Discussion in 'General Discussion Subforum' started by asomeck, Aug 5, 2013.

  1. asomeck

    asomeck New Member

    When I feel self critical and compare myself to others, coming out on the losing end, I try to look at what I am feeling more objectively. Are they really better than me.? What within me needs to devalue myself, has a stake in me feeling bad about myself? I have a model of my inner self as a bus, with all the different parts of me as passengers who all want to drive “my bus”. There can only be one driver at a time. I try to isolate that passenger on my bus who drives me to feel self-critical and get them out of the driver’s seat. I look to realize that that aspect of myself is only a very small part of who I am. Sometimes I just allow that negative feeling some space to play itself out, take a short drive, almost encouraging it and cheering it on so that it runs out of steam. The key for me is not to become fully identified with that part of me, not to give over complete power and have it overwhelm me. Just being aware is the first step towards that separation. Knowing my patterns also helps. “This too shall pass” is a great mantra for me, knowing that over time, that which seems true and absolute will dissolve as just another momentary self-critical judgment that can’t hold on forever even if in the moment it may feel that way.
     
  2. Steve Ozanich

    Steve Ozanich TMS Consultant

    All good points. The bigger question is "why" do we want to feel better about ourselves. "Why" do we have to measure up? "Why" have we repressed certain aspects of ourselves, not what is repressed. The answer keeps coming back to us, we were made to feel that way, by family and society. But the only opinion that matters is what you think of yourself. And there's the problem. People who feel good about themselves are rarely in pain.

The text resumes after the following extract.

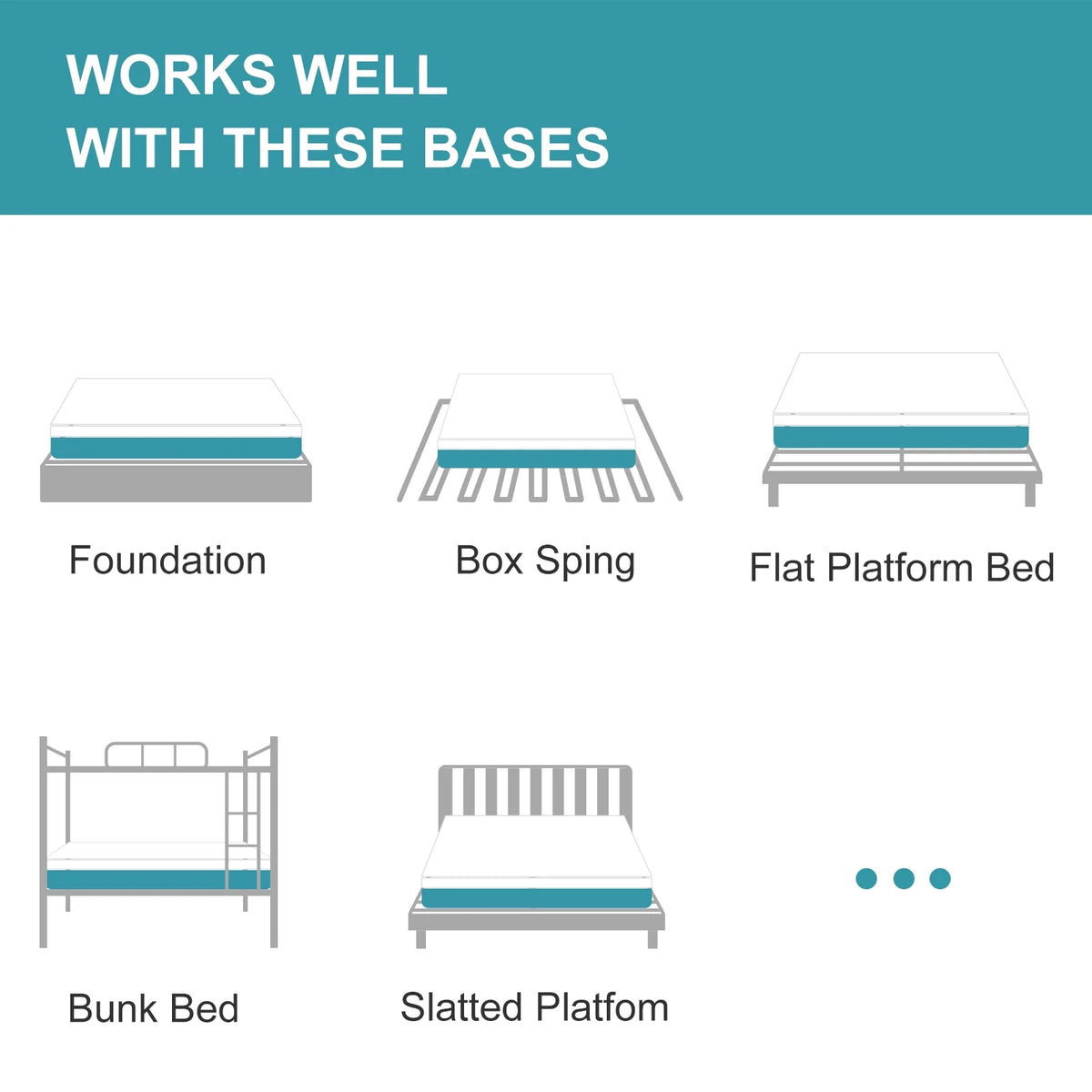 Queen 10 Medium Gel Memory Foam Mattress G54951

    The varying bus drivers you mentioned are the divided mind in conflict. You're doing the right thing by not attaching any meaning to it. There can be no anger if we don't hold onto anything that stings the ego. The TMS comes from hanging on too tightly to the past.

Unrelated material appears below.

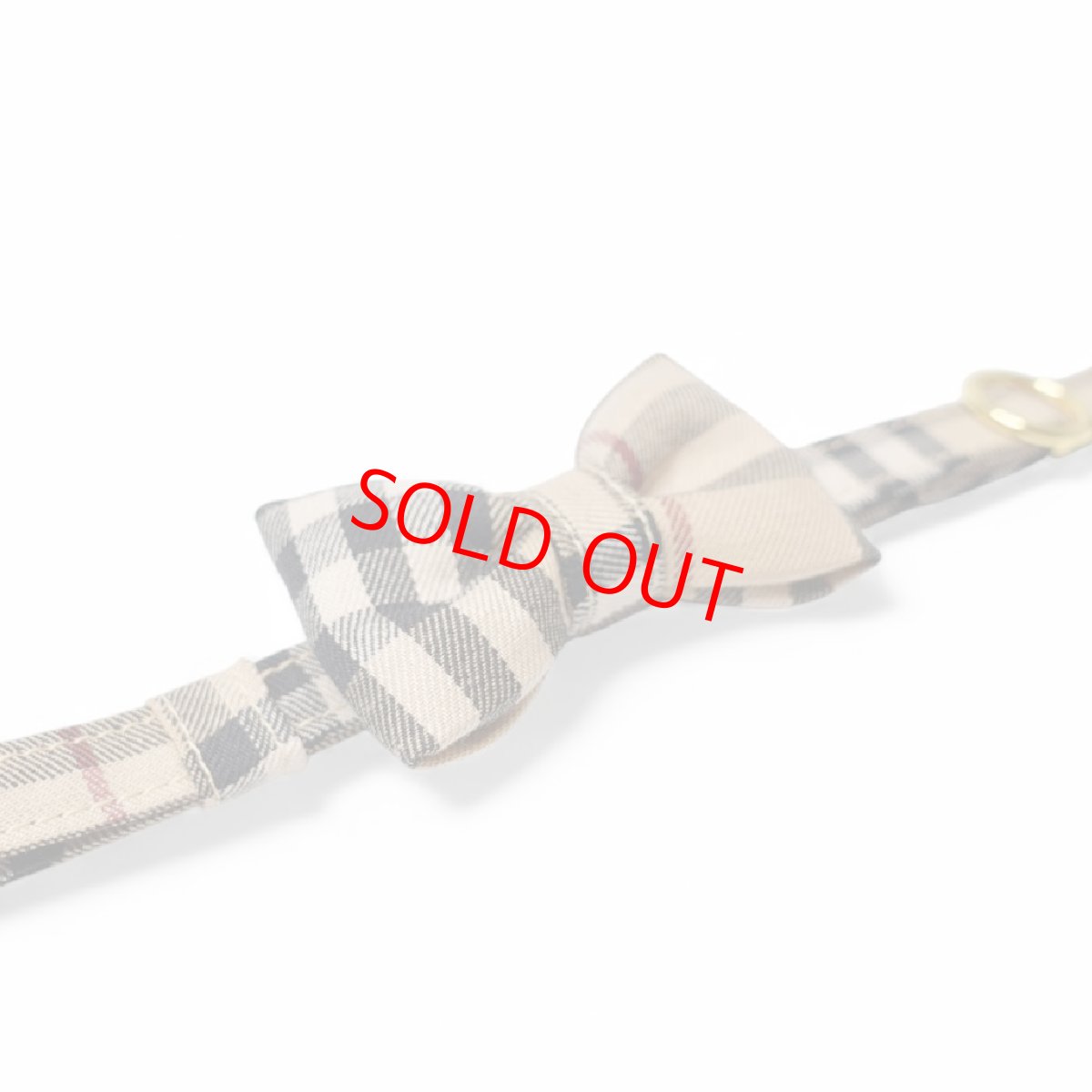 画像3: クラシカル・ノバチェック・リボン首輪 (3)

    You can't hold on if you let go.

    Steve
     
  3. Walt Oleksy (RIP 2021)

    Walt Oleksy (RIP 2021) Beloved Grand Eagle

    Hi, Asomeck. Steve, that great guy and caring healer, gives good insight into why we can not feel better about ourselves.
    Maybe it's because we really don't know if other people are better than we are. They just appear to be. Maybe they're
    fooling us, and themselves as well.

    I think it better to try to know ourselves and I believe we come up as being better people than we may have thought.

    And your mantra "This too shall pass" is a great one. I keep that in mind when problems and stress arise.
    My mother had a variation on it that I also keep in mind.
    We never had a home laundry washer and dryer when I was a boy in the 1930s and 1940s. We washed our clothes
    in the bathtub with a washboard and bar soap. Then we hung them to dry on a clothesline strung back and forth
    in the kitchen during winter. In summer the clothes hung on a line out the window that was hooked to the next
    building. When we had a big load of dirty clothes we had them washed clean by a laundry service and then hung
    the "wet wash" on the clothes line in the kitchen or the line between our apartment and the one next door.

    When we had any problems of any sort, Mom would say, "It'll all come out in the wash." It helped to think that
    so the problems didn't worry us, at least not as much.